EDIT: Du könntest natürlich Code verwendet den ich als Beispiel hier gepostet habe.


----------



## LyncH159 (14. Dez 2017)

truesoul hat gesagt.:


> Also du verwendest kein Layout und das solltest du ändern:
> https://docs.oracle.com/javase/tutorial/uiswing/layout/visual.html
> 
> Du fügst alle Komponenten dem JFrame hinzu, besser du fügst es ein JPanel hinzu, und diesem dann dem JFrame.
> ...



Ein neues Layout festzusetzen, wird wahrscheinlich mit Stundenlanger Arbeit verbunden sein.
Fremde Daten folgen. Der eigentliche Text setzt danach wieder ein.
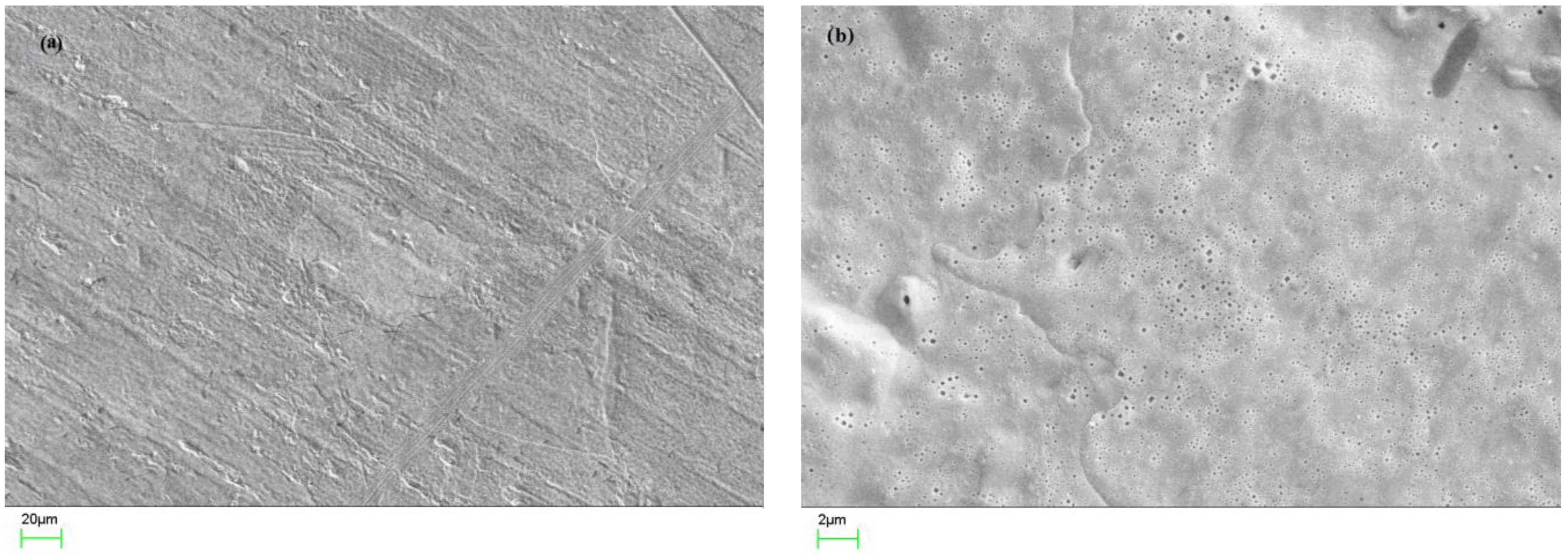 Metals 11 00274 g001a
Ich habe schon mehrere Klassen erstellt und deshalb muss ich auf eine Alternative zurückgreifen. 
Also müsste ich es immer bei setBounds manuell anpassen?


----------



## truesoul (14. Dez 2017)

LyncH159 hat gesagt.:


> Also müsste ich es immer bei setBounds manuell anpassen?
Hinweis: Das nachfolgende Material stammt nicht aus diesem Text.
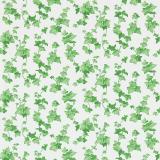 214593 Hedera Green 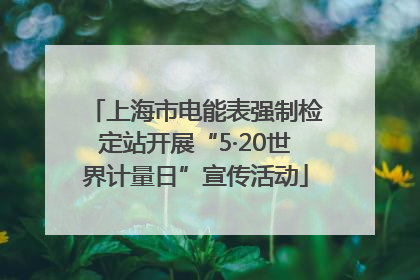 上海市电能表强制检定站开展“5·20世界计量日”宣传活动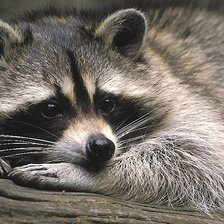 Cross stitch pattern: #2050256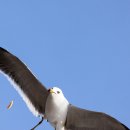 방아머리선착장 이미지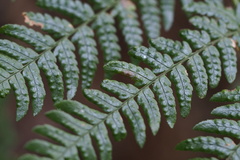 Dryopteris pacifica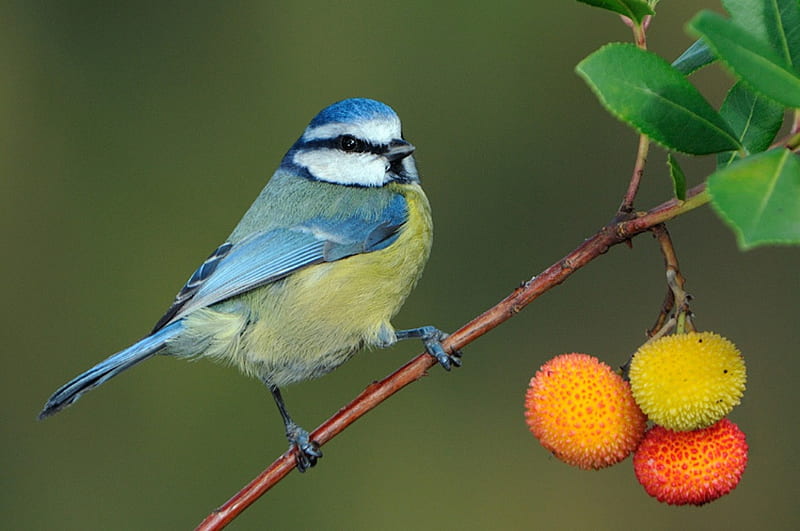 Blue Tit, bird, nature, animals, tit, blue, HD wallpaper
Nein müsstest du nicht, aber anhand der Auflösung müsste für jedes Element die richtige Position gesetzt sein. 
Verwenden kannst du z. B Toolkit.getDefaultToolkit(). 

Ich nehme mal an das Kreuz soll oben rechts sein? Bei einer Auflösung von 1920X1080 müsste dann setBounds(width-20, 0, 18, 22) lauten. 

Usw.


----------



## LyncH159 (14. Dez 2017)

truesoul hat gesagt.:


> Nein müsstest du nicht, aber anhand der Auflösung müsste für jedes Element die richtige Position gesetzt sein.
> Verwenden kannst du z. B Toolkit.getDefaultToolkit().
> 
> Ich nehme mal an das Kreuz soll oben rechts sein? Bei einer Auflösung von 1920X1080 müsste dann setBounds(width-20, 0, 18, 22) lauten.
> ...


Ich kann dir da nicht richtig folgen.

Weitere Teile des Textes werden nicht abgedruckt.